The Bhagavadgita is considered one of the core texts of Hindu philosophy and religion. Ever since the poem was composed, innumerable commentaries have been written which seek to explain the poem from the standpoint of philosophical idealism. Surprisingly, there has been little study of the poem from the materialist standpoint. The Warrior and the Charioteer seeks to fill this void.

This erudite study argues that we need to cut through the thick religio-philosophical crust of the poem to reach its ethical core. This exercise will enable us to unravel the socio-economic structure of contemporary society as revealed by the ethics expounded in the poem.

The author looks at the central characters of the poem, Krishna and Arjuna, and pulls down the mythical veil that conceals their historical faces: the former, a Yadava Chief, and the latter, the House of Bharatas. The author strips the terms Brahma and yajna of their symbolism and argues that the poem reflects the period of transition of Indo-Aryan society from the Barbaric Status to the Status of Civilization. The book also contains a fresh translation of the poem, the first from a materialist standpoint.

In simple and lucid prose, book offers a challenging and original interpretation of the Bhagavadgita, and is sure to be of immense value to scholars, believers, as well as lay readers.

About the Author:

V. M. Mohanraj (born 1928) is one of the most respected librarians in India, having worked at Madras University, Law College (Chennai), and The Lawrence School (Lovedale). He has six books and many articles to his credit and has contributed articles to the first ten-volume encyclopaedia in Malayalam. He is a recipient of H.H. The Maharaja of Travancore Gold Medal for proficiency in Malyalam.

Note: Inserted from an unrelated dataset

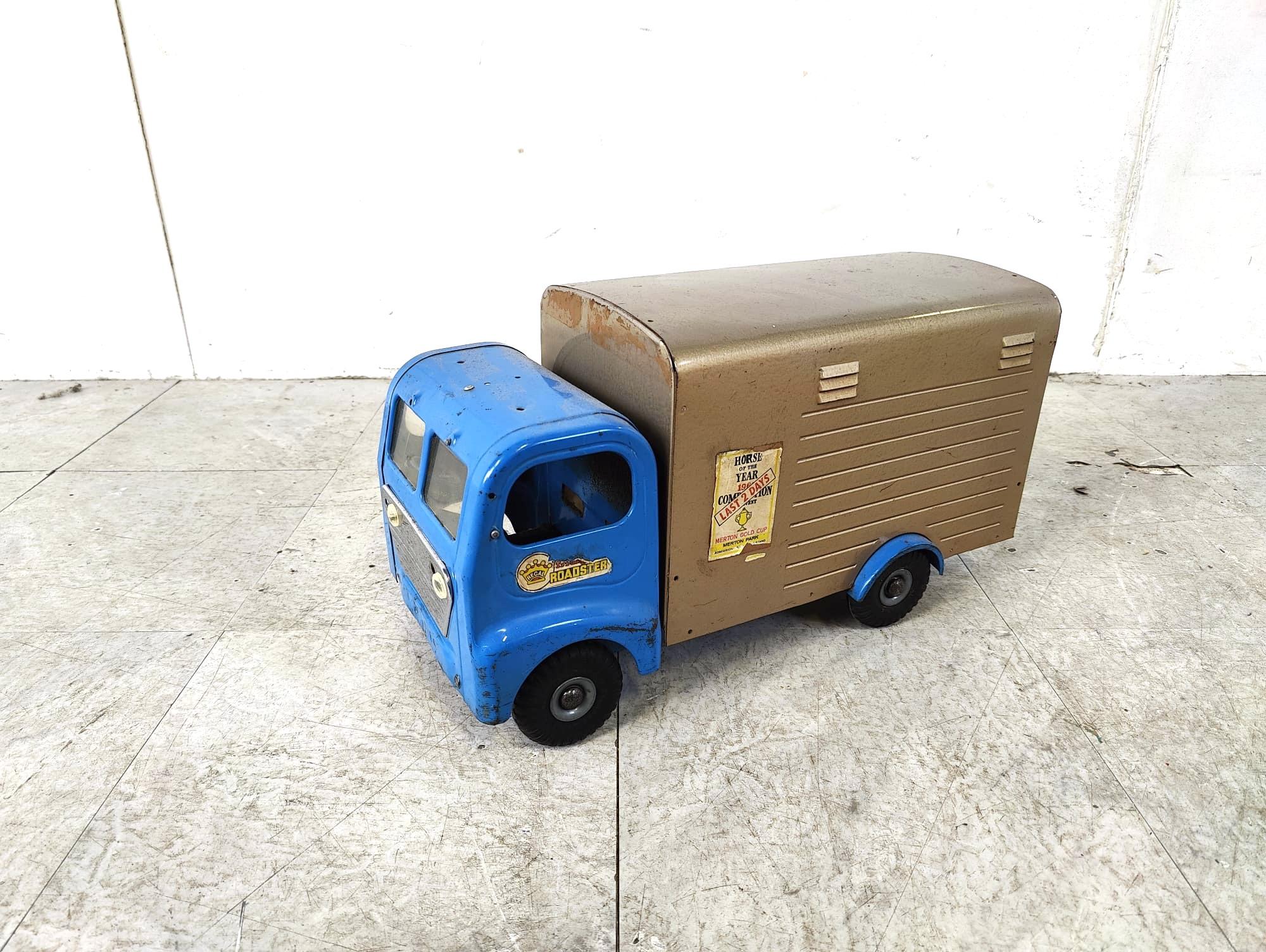 Metà XX secolo Automobile di latta Tri-ang Toys d'epoca, anni '50 in vendita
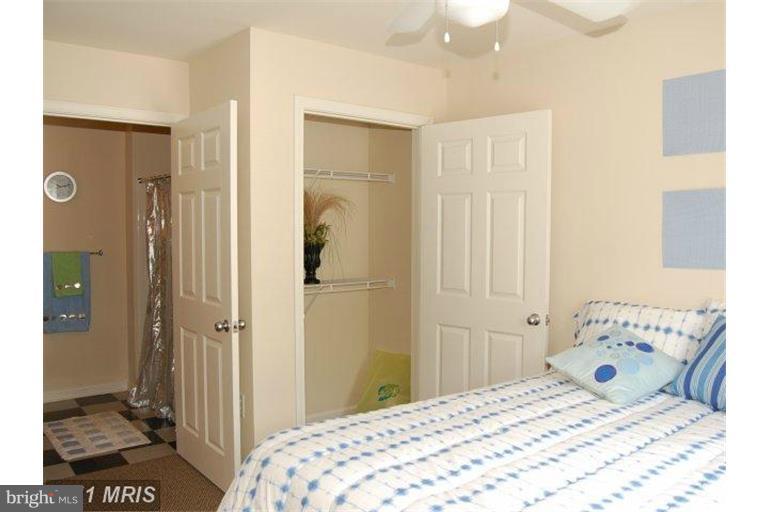 PARKSIDE AT EAGLE'S LANDING - Residential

A short poem encapsulating ideas drawn from different schools of philosophy- mainly the Upanishadic, the Sankhya and the Buddhist - in a simplified form to make it easily comprehensible to the common man, the Bhagavadgita, contrary to the generally held notion, is not a fundamental philosophical treatise. Nevertheless, there is a sizeable body of literature on the poem as myriad scholars, classical and modern, have written commentaries on it, most from the standpoint of philosophical idealism. Surprisingly, however, there is virtually no study of the poem from a materialist point of view. I have attempted to fill that gap.

It passes my comprehension why modern progressive thinkers have been apathetic towards this poem. Maybe, being a simple eclectic poem, it is seen as a propaedeutic work of philosophy and as such, is considered socially insignificant. However, it is a work wherein monotheism was put forward and king was equated with god to buttress the emerging monarchical slave States which were slowly but steadily supplanting the egalitarian tribal communes in the Indian subcontinent. As such, the social significance of this ostensibly philosophic and didactic poem cannot be missed or overlooked.

In modern times, the poem has been used to serve diverse political ends. Lokmanya Tilak invoked the poem to argue his case for a more militant nationalist programme than the Congress had hitherto adopted, while Mahatma Gandhi used the poem to propagate religious tolerance in the struggle against colonialism. More recently, as aggressive Hindu nationalism has asserted itself, the poem has been used for more ferocious ends. Progressive thinkers and leaders have, however, more or less ignored the poem.

More than half a century ago, in 1953, I published an article in a progressive Malayalam weekly, analysing the poem from a materialistic point of view. After a gap of more than four decades, in 1997, I published a paper, 'The Bhagavadgita - A Materialist Interpretation' in New Quest, the journal of the Indian Association for Cultural Freedom. The feedback to this, in general, was very positive, though there was one point of criticism. This was regarding my assumption that the Mahabharata War was not a figment of the poet's imagination but a historical fact, and that Krishna and Arjuna were not mere mythological characters, but historical personages. In the space of that paper, I had not been able to present my complete argument regarding this issue of the historicity of the war and the two protagonists of the poem. I have done this in Chapter 4 of the present book, 'The Personae'. I have viewed Krishna, as I had done in both the articles, not as a god of the Hindu pantheon, but as a human being on whom godhead had been thrust and who was looked upon as one of the ten incarnations of Vishnu. However, in my opinion, the Yadava Chief whom we meet as the charioteer of Arjuna was not the deified Krishna and I have put forward arguments to substantiate my view.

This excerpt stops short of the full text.